RELNO commented 5 years ago

+1 for mapping as optional field.

Cost? Aren't we FOSS?

LAAP commented 5 years ago

OK,

What about using numbers with numbers. the "surnames" can be just numbers from -2, to "n"? As an example:

"Output":{"0:-2","1:-2","2:4","3:5","4:1","5:1","6:1","7:1","8:-1","9:2","10:3","11:0"}}}

RELNO commented 5 years ago

"-2" (or any other form of key/value) is arbitrary. If an endpoint user need such mapping to occur, they can remap locally.

LAAP commented 5 years ago

I was using the IDs from https://github.com/CityScope/CS_CityIO_Backend/wiki/Data-Mapping-of-Id-and-types, but not sure to understand you @RELNO .

What I am trying to say is "let's be as general as possible in the reading (at the scanning)", and then, let each table to interpret the grid. For a table focused on mobility will be different meaning that for a table focused on Urban planning, but the tags can be the same for all the tables, so the reading is generic. Does it make any sense for all of you or I am totally lost?
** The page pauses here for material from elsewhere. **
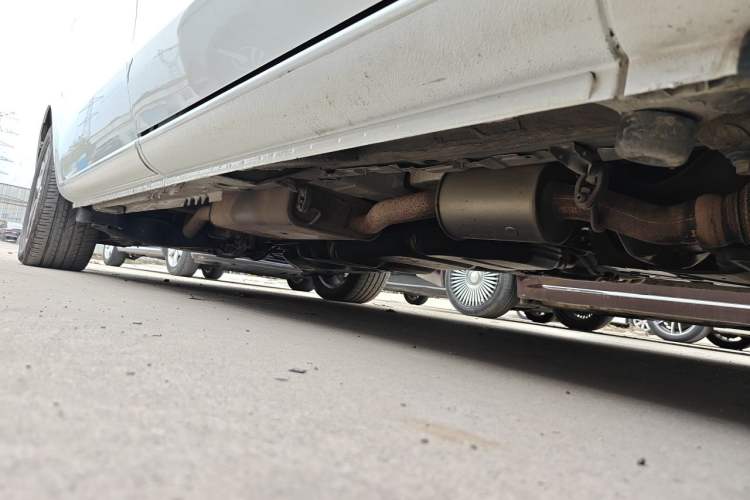 Used Mercedes-Benz V-Class 2017 V 260 Avantgarde Edition Chassis Front Right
RELNO commented 5 years ago

You're suggesting: Output":{"0:-2","1:-2","2:4","3:5","4:1","5:1","6:1","7:1","8:-1","9:2","10:3","11:0"}}} This implies that the scanning part is forcing some kind of mapping which is not generic (why - 2?) The data mapping you've used was one use case which might only be relevant for Volpe. My point is that in practice, no mapping should occur or be imposed (what @agrignard called optional), so that the table will send only a long list of integers that correspond to the list of types e.g: 0,1,5,3,3...

doorleyr commented 5 years ago

Regarding this module specifically, right now it's just looking at 'Work' places and 'Living' places. I did it this way as a simple first iteration but ultimately it may use more categories (eg. Small Medium Large) or unique tags.
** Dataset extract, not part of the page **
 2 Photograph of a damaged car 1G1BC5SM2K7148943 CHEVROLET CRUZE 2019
Since this module is a client of the grid API, it can't force a table to have the information it needs. Just like the client-side GAMA or GH wont work if it reads from a grid that doesn't have the right types and also can't force any table to have the right types. We need to just agree together what should be the types and then coordinate to ensure that the table this module is reading from has the right types.

RELNO commented 5 years ago

closing as this is not related here and since data format has changed since opened.